## [DIRECTIONS]
Please restate the records that follow exactly, skipping their images.

START DATA LISTING

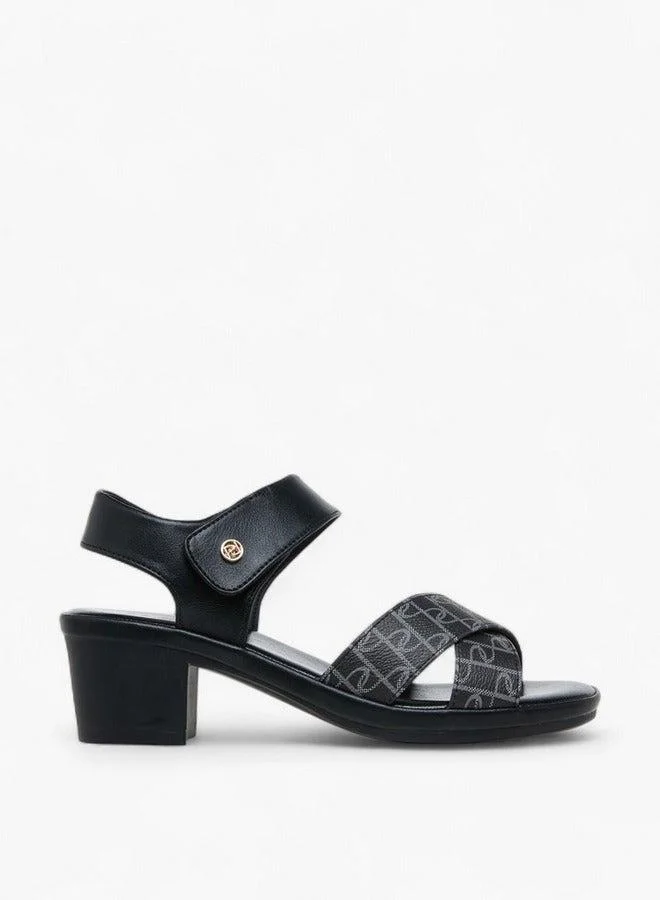 بابريكا صنادل مطبوعة بكعب عريض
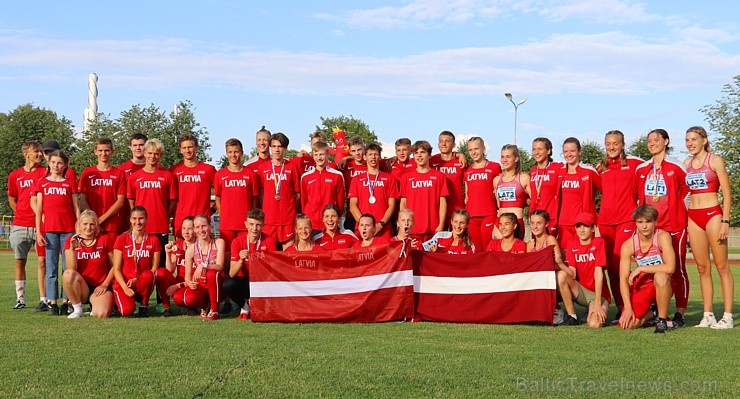 Indra Mackeviča Latvijas izlases sastāvā izcīna Baltijas vieglatlētikas U16 čempionātā 3.vietu 800 metru skrējienā Indra Mackeviča Latvijas izlases sastāvā izcīna Baltijas vieglatlētikas U16 čempionātā 3.vietu 800 metru skrējienā 287549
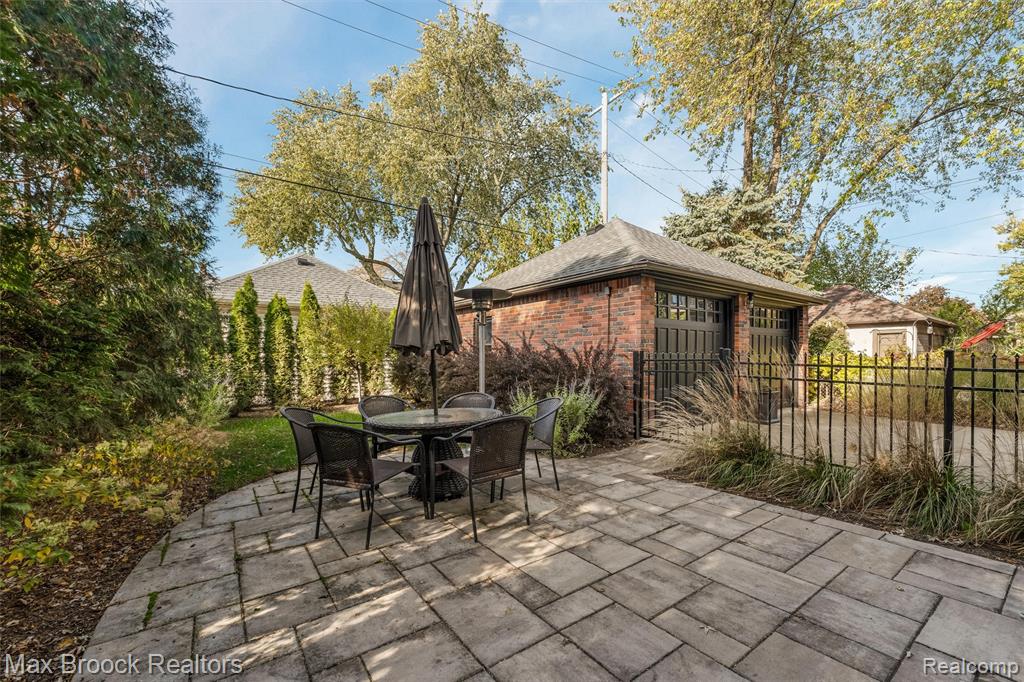 1425 Bedford Road, Grosse Pointe Park, MI 48230 — Photo 47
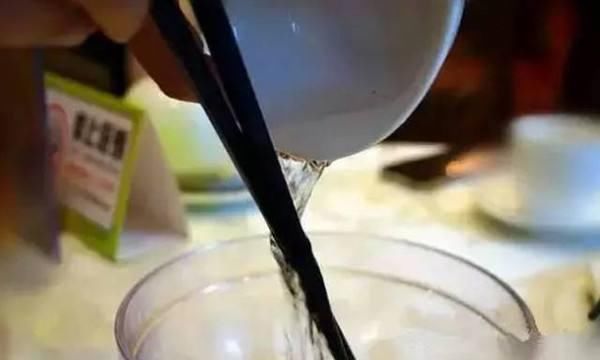 在外吃饭,开水烫碗筷就能消毒吗?答案可能出乎你的意料
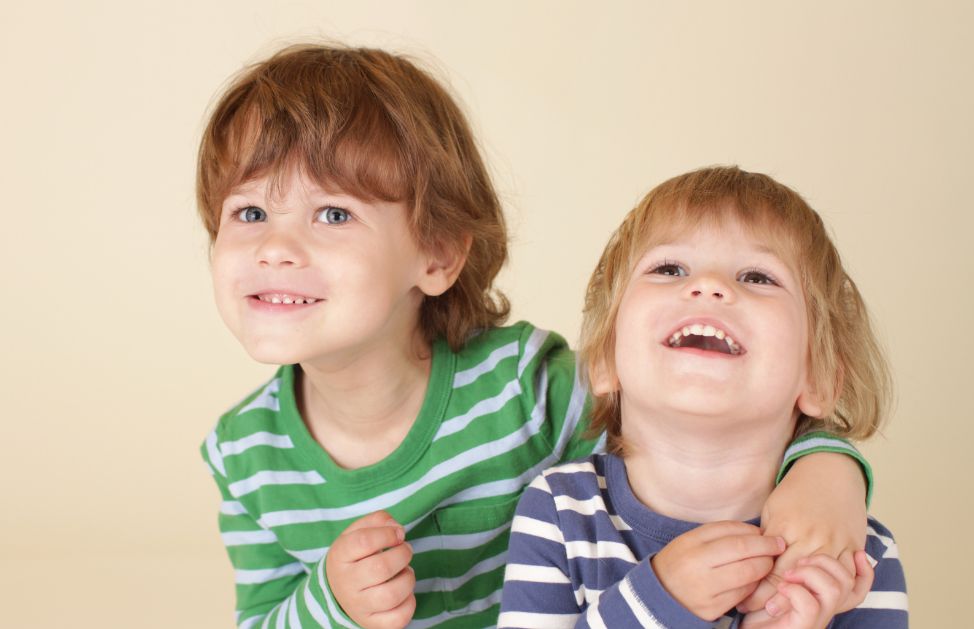 Bambini Che Non Si Relazionano Con Coetanei Come crescere fratelli uniti | DeAbyDay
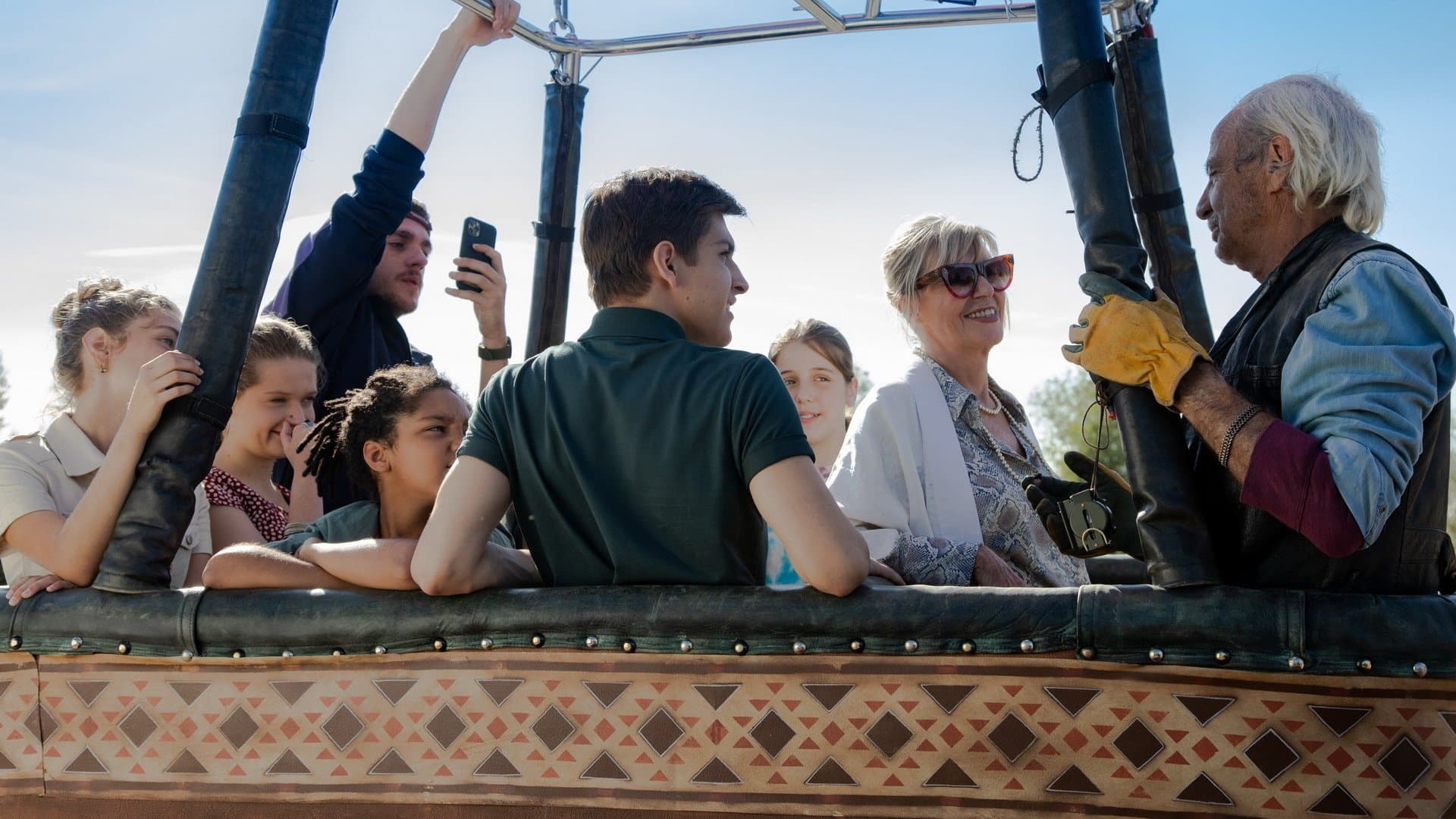 Backdrop of When Granny Meets Grandpa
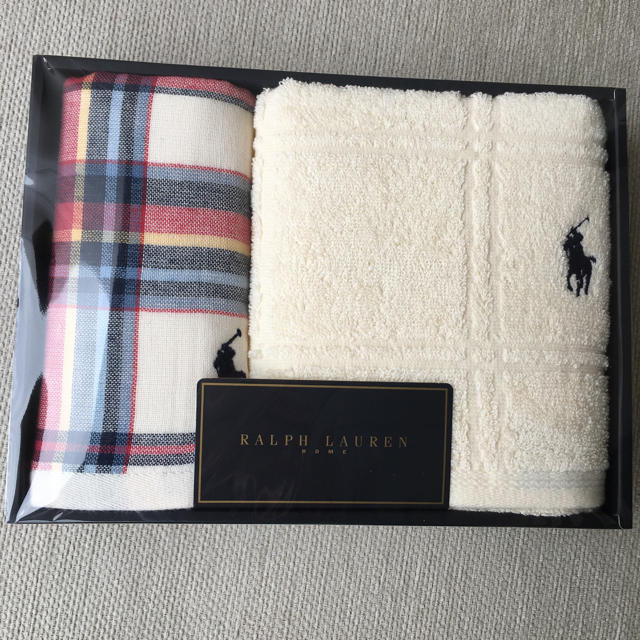 Ralph Lauren(ラルフローレン)の新品　ラルフローレン　ハンドタオル・ウォッシュタオルセット　ティスベリー&ラージ インテリア/住まい/日用品の日用品/生活雑貨/旅行(タオル/バス用品)の商品写真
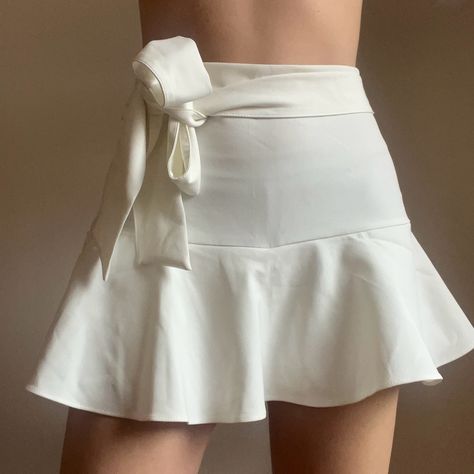 Mini Skirt With Shorts Underneath New / Never Worn The Color Is White Size M Fits True To Size Bow Can Be Tied In Front Or In The Back Smoke Free And Pet Free Home. Mini White Skirt, Skirt With Shorts Underneath, Skirt With Shorts, Zara Mini, Zara Skirts, Zara White, White Skirt, White Skirts, Mini Skirt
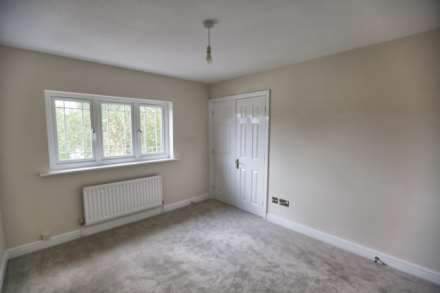 Holmeswood Close, Wilmslow, Image 6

END DATA LISTING

## [SOLUTION TO THIS EXERCISE]
 بابريكا صنادل مطبوعة بكعب عريض
 Indra Mackeviča Latvijas izlases sastāvā izcīna Baltijas vieglatlētikas U16 čempionātā 3.vietu 800 metru skrējienā Indra Mackeviča Latvijas izlases sastāvā izcīna Baltijas vieglatlētikas U16 čempionātā 3.vietu 800 metru skrējienā 287549
 1425 Bedford Road, Grosse Pointe Park, MI 48230 — Photo 47
 在外吃饭,开水烫碗筷就能消毒吗?答案可能出乎你的意料
 Bambini Che Non Si Relazionano Con Coetanei Come crescere fratelli uniti | DeAbyDay
 Backdrop of When Granny Meets Grandpa
 Ralph Lauren(ラルフローレン)の新品　ラルフローレン　ハンドタオル・ウォッシュタオルセット　ティスベリー&ラージ インテリア/住まい/日用品の日用品/生活雑貨/旅行(タオル/バス用品)の商品写真
 Mini Skirt With Shorts Underneath New / Never Worn The Color Is White Size M Fits True To Size Bow Can Be Tied In Front Or In The Back Smoke Free And Pet Free Home. Mini White Skirt, Skirt With Shorts Underneath, Skirt With Shorts, Zara Mini, Zara Skirts, Zara White, White Skirt, White Skirts, Mini Skirt
 Holmeswood Close, Wilmslow, Image 6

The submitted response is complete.